### Assignment
Taking the listing below, restate word for word each line from the line with "Photo of 2066" to the line with "Lewis Hamilton mostra", ends included, and stop there.
[Start of section]
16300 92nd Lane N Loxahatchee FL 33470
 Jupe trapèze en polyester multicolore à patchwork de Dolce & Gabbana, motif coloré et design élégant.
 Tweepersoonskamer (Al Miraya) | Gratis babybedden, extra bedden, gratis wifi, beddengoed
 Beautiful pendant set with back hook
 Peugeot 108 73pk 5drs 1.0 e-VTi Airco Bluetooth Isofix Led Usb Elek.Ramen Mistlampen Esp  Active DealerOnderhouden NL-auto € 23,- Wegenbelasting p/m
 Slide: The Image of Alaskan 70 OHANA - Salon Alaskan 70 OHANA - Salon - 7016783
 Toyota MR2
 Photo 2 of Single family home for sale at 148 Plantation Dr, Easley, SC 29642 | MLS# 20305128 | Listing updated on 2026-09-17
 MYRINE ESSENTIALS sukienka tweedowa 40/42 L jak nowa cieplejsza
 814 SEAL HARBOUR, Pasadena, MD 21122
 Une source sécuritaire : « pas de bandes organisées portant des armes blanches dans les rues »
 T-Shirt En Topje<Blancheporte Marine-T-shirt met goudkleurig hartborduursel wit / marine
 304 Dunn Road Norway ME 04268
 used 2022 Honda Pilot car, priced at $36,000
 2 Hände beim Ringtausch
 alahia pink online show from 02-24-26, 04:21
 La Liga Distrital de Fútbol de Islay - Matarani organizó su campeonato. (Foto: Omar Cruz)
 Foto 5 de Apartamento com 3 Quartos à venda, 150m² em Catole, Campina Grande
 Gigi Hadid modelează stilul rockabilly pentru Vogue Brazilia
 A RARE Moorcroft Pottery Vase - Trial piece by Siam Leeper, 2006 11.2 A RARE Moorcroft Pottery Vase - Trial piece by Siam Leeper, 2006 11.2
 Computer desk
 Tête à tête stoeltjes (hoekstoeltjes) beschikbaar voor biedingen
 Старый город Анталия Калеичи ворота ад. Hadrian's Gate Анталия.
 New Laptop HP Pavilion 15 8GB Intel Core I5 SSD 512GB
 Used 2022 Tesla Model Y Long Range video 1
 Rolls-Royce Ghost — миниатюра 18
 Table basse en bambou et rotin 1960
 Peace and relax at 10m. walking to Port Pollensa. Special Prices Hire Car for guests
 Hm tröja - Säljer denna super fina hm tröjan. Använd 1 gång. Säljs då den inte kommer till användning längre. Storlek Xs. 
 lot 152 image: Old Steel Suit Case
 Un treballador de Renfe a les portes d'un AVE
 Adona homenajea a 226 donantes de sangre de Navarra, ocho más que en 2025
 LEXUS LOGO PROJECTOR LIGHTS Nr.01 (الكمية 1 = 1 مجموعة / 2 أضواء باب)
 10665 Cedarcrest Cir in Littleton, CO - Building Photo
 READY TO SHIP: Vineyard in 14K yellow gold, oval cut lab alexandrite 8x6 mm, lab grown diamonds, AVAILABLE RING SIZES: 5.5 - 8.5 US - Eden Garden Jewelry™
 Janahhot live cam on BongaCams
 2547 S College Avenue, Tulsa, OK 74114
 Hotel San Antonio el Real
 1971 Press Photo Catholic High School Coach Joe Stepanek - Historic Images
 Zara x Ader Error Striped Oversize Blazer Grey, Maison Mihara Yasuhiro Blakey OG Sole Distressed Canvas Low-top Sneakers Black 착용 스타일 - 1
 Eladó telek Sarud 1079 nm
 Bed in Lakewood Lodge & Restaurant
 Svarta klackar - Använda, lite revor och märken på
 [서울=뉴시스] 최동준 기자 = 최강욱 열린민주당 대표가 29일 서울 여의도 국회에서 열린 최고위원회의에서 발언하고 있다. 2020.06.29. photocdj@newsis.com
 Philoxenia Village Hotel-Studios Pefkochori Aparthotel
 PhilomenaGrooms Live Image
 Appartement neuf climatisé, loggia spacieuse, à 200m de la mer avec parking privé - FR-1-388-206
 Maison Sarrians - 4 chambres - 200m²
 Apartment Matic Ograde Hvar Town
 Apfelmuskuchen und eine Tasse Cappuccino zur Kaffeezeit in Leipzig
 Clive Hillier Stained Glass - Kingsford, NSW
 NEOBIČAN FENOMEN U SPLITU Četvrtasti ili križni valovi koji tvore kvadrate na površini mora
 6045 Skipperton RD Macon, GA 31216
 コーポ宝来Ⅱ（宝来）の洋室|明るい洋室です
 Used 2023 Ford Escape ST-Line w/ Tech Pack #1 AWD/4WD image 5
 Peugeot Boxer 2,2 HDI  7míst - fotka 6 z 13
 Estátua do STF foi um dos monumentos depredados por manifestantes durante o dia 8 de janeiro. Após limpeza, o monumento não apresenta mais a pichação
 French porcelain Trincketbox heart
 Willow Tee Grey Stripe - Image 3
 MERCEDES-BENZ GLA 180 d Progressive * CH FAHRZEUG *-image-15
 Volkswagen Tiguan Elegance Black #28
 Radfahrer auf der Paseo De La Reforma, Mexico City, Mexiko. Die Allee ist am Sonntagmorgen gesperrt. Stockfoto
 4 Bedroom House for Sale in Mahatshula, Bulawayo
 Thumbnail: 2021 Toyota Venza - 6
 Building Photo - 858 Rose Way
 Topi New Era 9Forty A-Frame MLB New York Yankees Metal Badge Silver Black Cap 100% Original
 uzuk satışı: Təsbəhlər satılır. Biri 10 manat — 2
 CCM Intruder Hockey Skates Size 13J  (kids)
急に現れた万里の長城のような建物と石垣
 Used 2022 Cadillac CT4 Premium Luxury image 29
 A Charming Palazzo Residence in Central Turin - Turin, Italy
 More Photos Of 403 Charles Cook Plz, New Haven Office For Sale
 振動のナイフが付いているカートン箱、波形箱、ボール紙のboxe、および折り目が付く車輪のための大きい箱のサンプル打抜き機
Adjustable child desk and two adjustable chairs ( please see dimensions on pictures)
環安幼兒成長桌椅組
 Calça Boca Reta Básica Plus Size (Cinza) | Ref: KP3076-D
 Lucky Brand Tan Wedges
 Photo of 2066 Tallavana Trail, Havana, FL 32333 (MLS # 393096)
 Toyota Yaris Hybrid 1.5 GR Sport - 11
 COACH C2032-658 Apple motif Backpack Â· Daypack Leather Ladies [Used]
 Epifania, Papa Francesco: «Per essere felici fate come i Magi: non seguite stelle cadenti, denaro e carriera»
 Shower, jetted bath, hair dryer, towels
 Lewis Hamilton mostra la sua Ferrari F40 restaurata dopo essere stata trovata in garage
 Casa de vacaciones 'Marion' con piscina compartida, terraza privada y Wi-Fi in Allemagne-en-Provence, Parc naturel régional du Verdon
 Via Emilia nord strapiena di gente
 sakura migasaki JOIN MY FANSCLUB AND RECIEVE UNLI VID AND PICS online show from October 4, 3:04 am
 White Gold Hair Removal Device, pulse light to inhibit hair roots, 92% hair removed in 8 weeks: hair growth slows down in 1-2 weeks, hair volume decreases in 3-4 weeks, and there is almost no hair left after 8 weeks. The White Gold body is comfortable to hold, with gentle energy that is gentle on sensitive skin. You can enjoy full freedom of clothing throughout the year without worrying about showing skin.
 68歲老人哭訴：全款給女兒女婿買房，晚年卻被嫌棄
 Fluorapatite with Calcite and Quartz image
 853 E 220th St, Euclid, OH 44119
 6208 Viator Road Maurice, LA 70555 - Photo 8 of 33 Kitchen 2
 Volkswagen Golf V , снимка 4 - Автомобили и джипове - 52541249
[End of section]
### Result below
 Photo of 2066 Tallavana Trail, Havana, FL 32333 (MLS # 393096)
 Toyota Yaris Hybrid 1.5 GR Sport - 11
 COACH C2032-658 Apple motif Backpack Â· Daypack Leather Ladies [Used]
 Epifania, Papa Francesco: «Per essere felici fate come i Magi: non seguite stelle cadenti, denaro e carriera»
 Shower, jetted bath, hair dryer, towels
 Lewis Hamilton mostra la sua Ferrari F40 restaurata dopo essere stata trovata in garage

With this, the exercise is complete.